# [What is expected]
The printed result should hold only the lines from the opening of the data through the line bearing "X0000067351466200604211949", exactly as given and without pictures.

Caption-style text data:

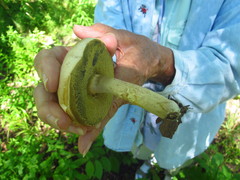 Caloboletus inedulis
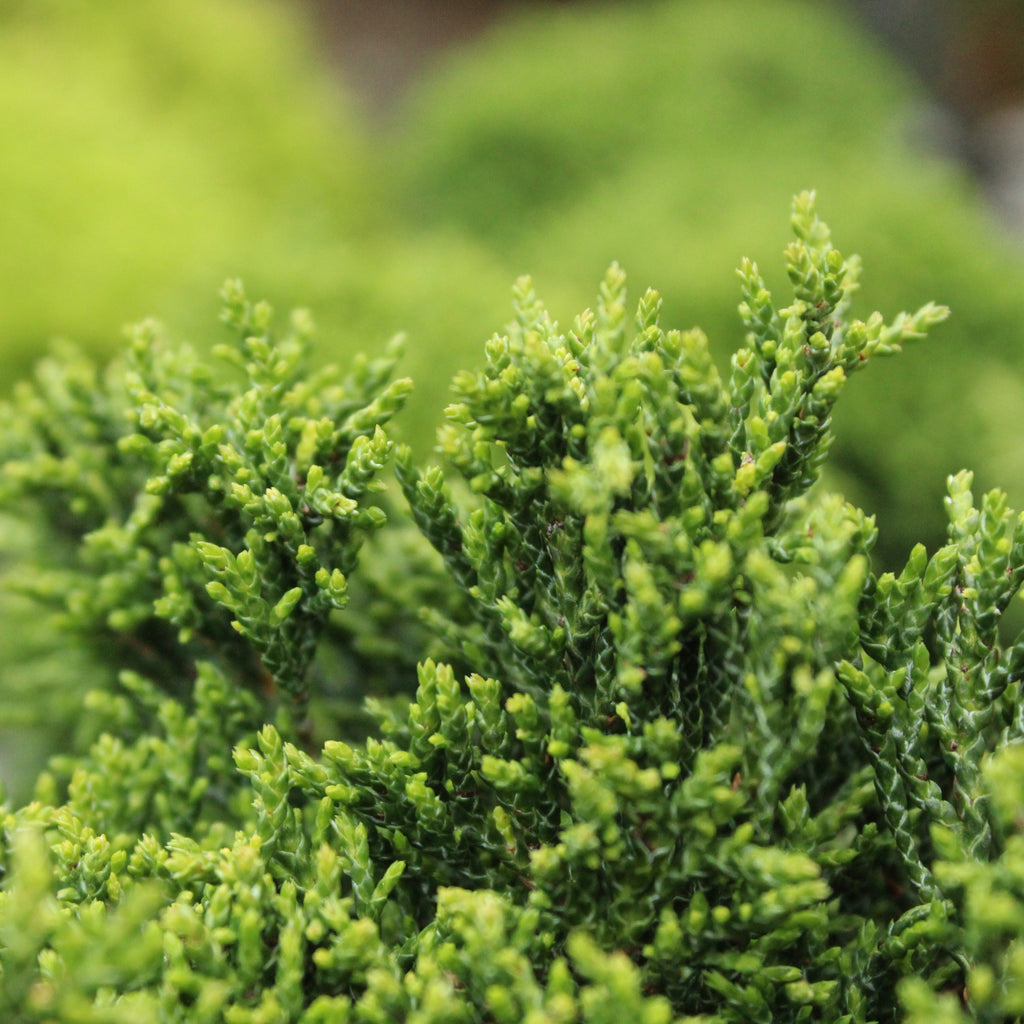 Chamaecyparis Green Globe Image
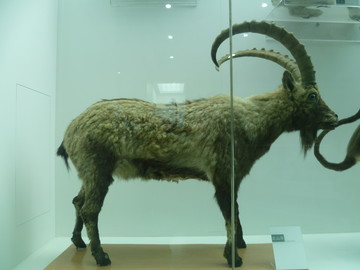 動物標本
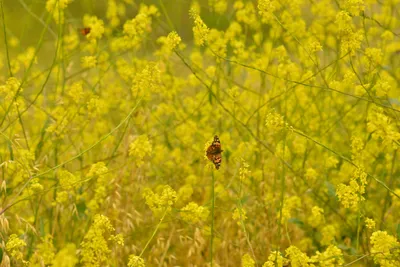 DSC_6489 (Large).JPG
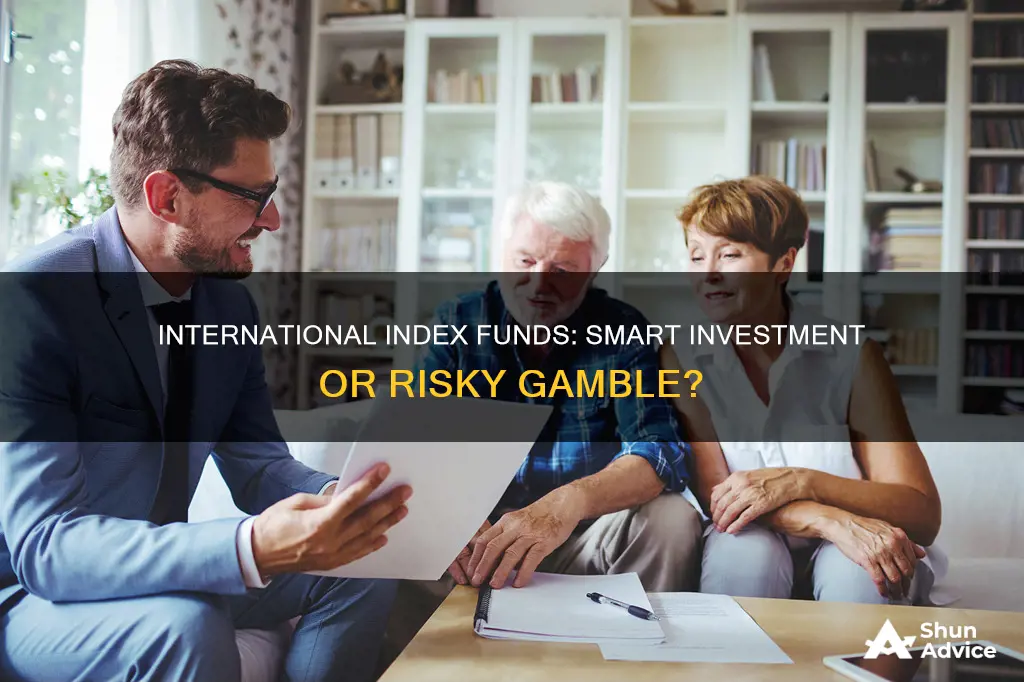 should I invest in international index funds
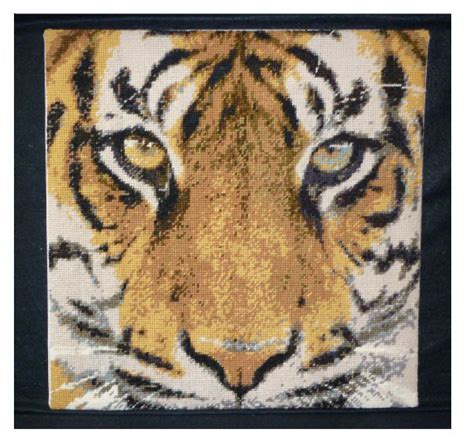 Bengal Tiger Counted Tiger Needlepoint Kit Tapestry Kits Tapestry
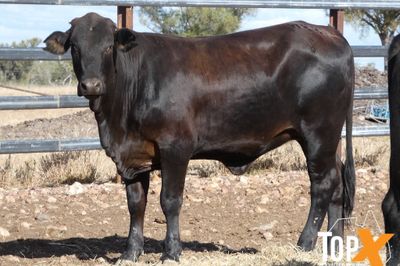 A+ 84 ANGUS X SPAYED HEIFERS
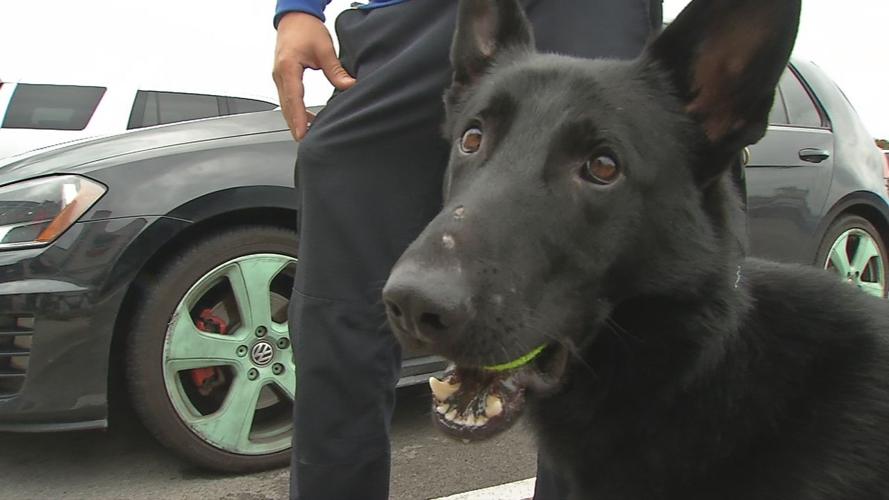 Mt. Washington drug dog Bane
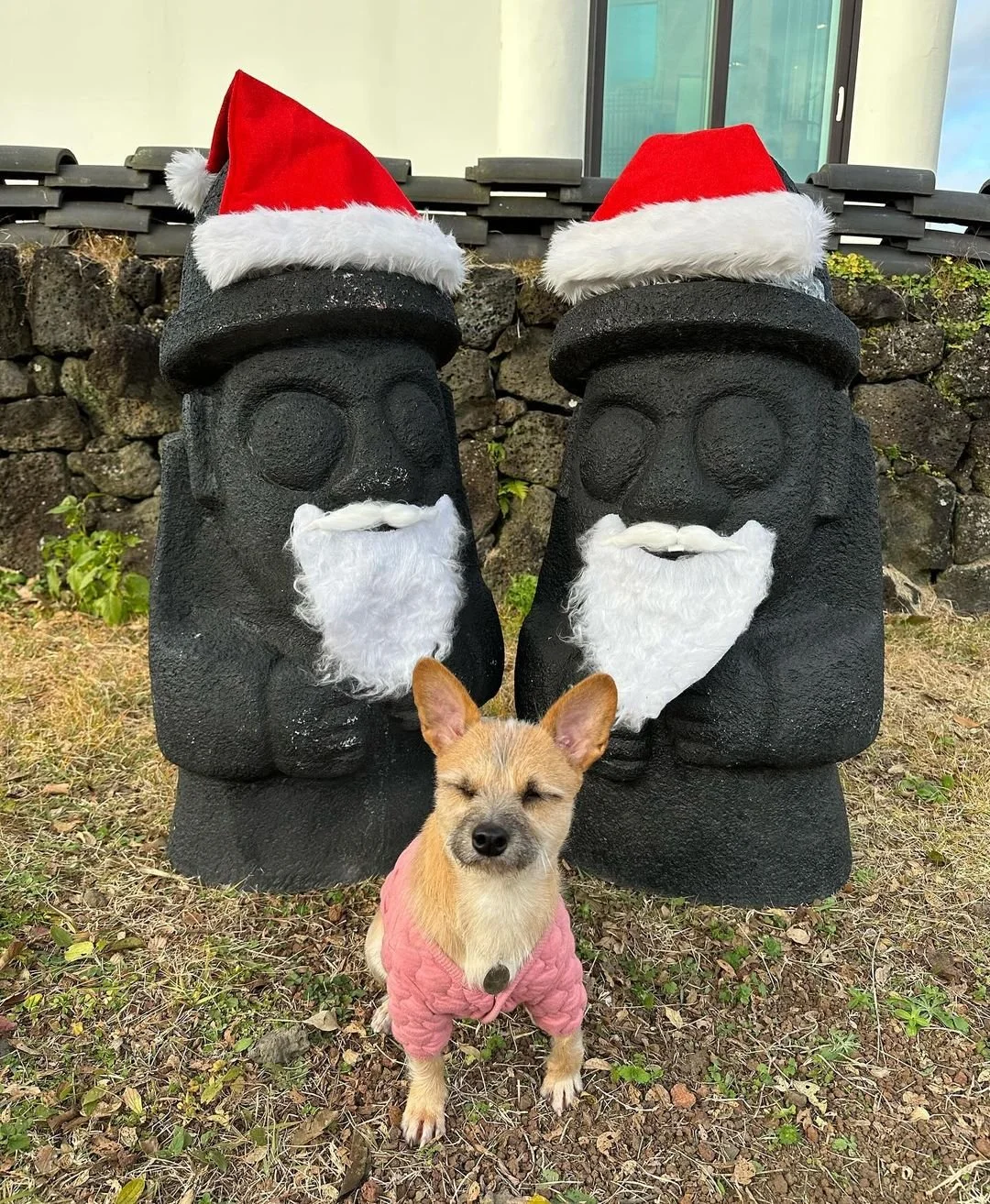 A small dog wearing a pink jacket standing in front of two stone tiki statues dressed as Santa Claus, each with Santa hats and faux white beards, outdoors with grass and a stone wall in the background.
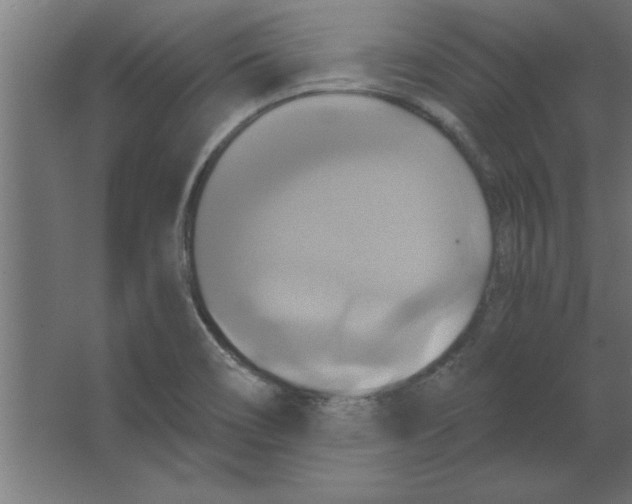 X0000067351466200604211949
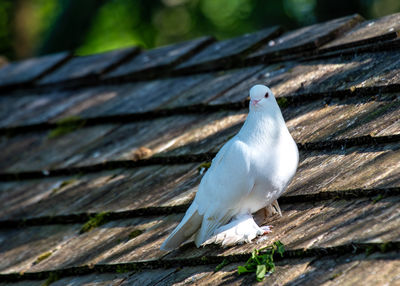 Close-up of bird perching on wood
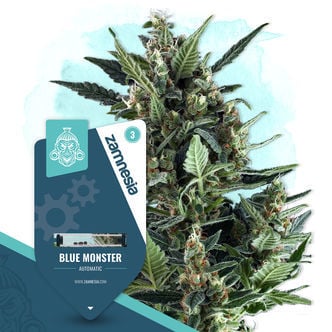 Blue Monster Automatica (Zamnesia Seeds) Femminizzata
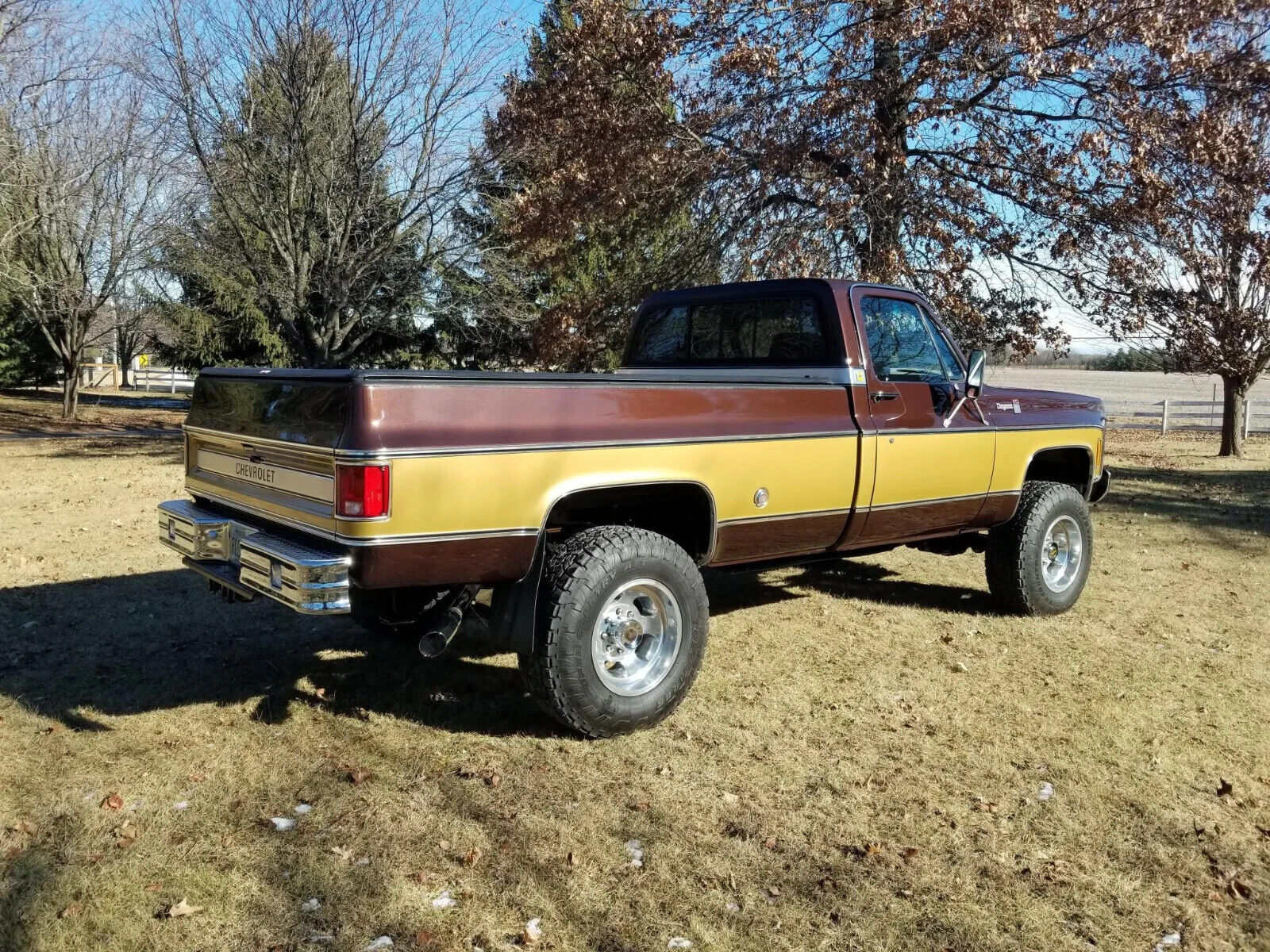 Chevrolet-C-10-1978-Brown-Brown-9495-1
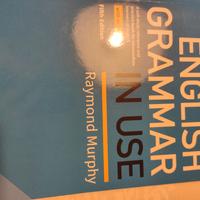 English Grammar in use Raymond Murphy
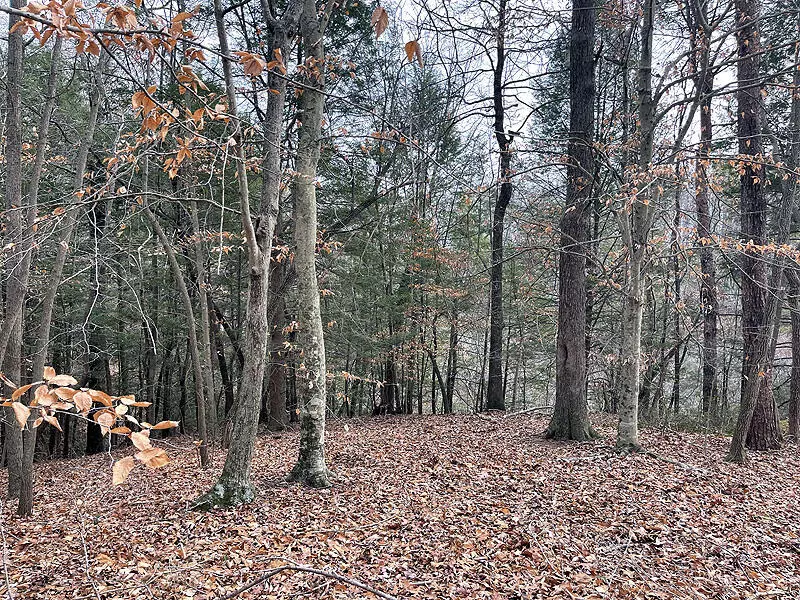 Lot 189 Stillwater, Russell Springs, KY 42642
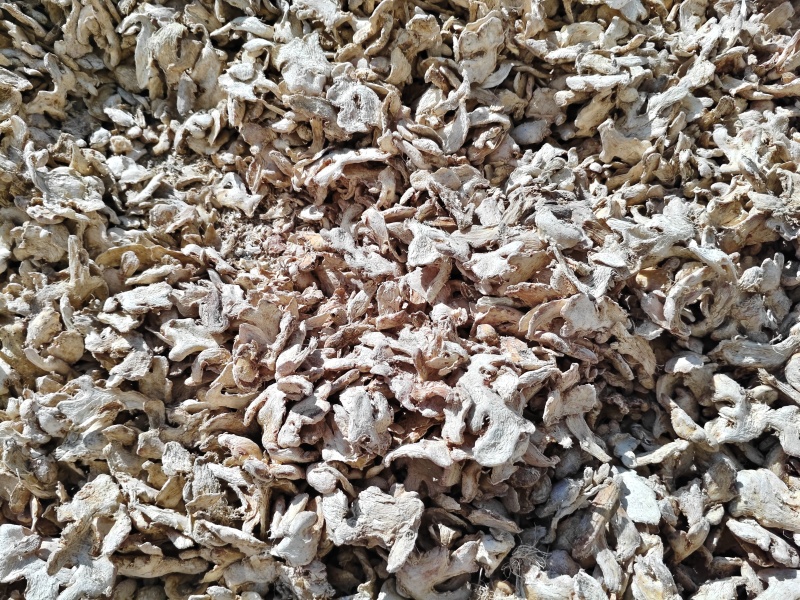 云南小黄姜片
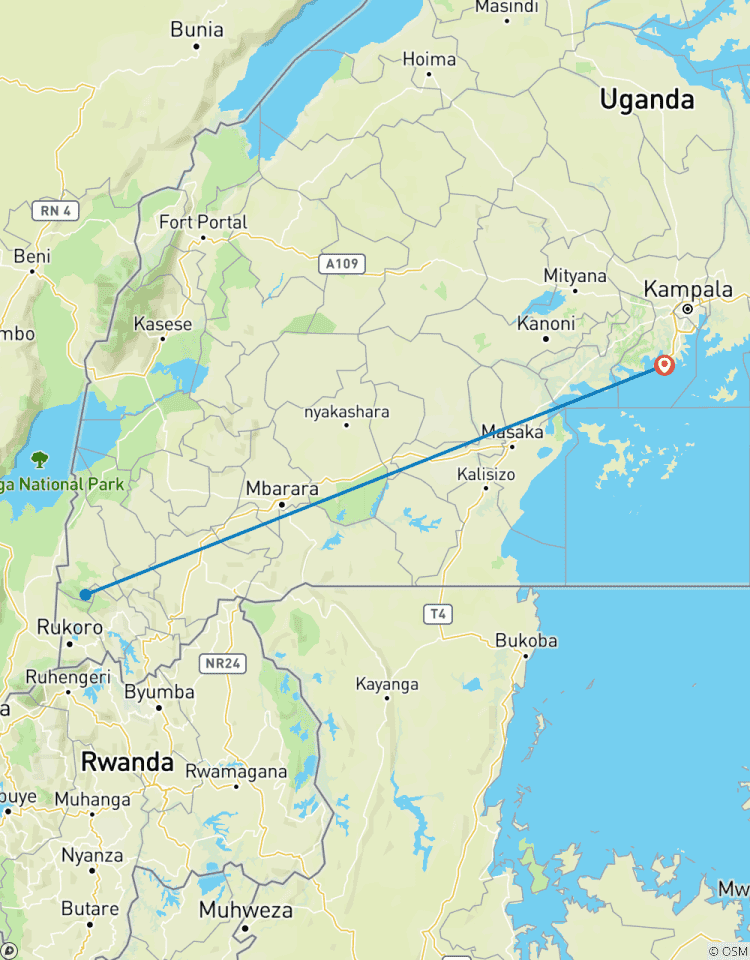 Circuito Senderismo de 3 días en busca de gorilas PN Bosque Impenetrable de Bwindi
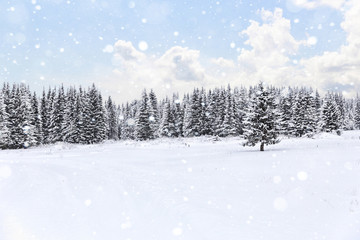 Falling snow spruce winter forest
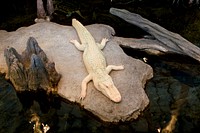 White albino alligator (one of fifty in the world) at the National Academy of Science in San Francisco. Original image from <a href="https://www.rawpixel.com/search/carol%20m.%20highsmith?sort=curated&amp;page=1">Carol M. Highsmith</a>&rsquo;s America. Digitally enhanced by rawpixel.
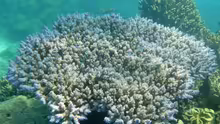 Acropora valida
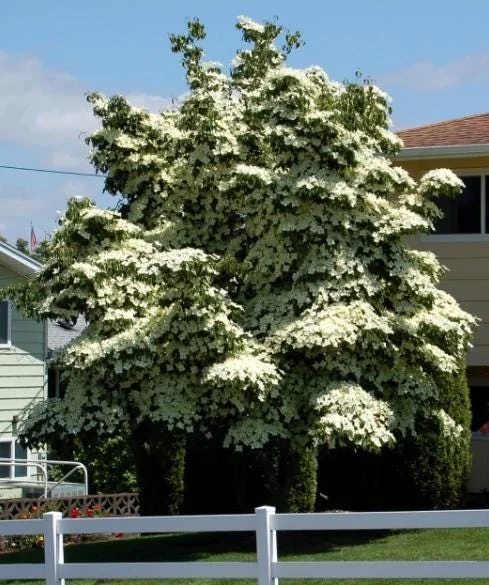 Kousa Japanese Dogwood Tree Live Plant – 12-18" Tall – 1 Quart Pot – White Blooms - Image 2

# [Written answer]
 Caloboletus inedulis
 Chamaecyparis Green Globe Image
 動物標本
 DSC_6489 (Large).JPG
 should I invest in international index funds
 Bengal Tiger Counted Tiger Needlepoint Kit Tapestry Kits Tapestry
 A+ 84 ANGUS X SPAYED HEIFERS
 Mt. Washington drug dog Bane
 A small dog wearing a pink jacket standing in front of two stone tiki statues dressed as Santa Claus, each with Santa hats and faux white beards, outdoors with grass and a stone wall in the background.
 X0000067351466200604211949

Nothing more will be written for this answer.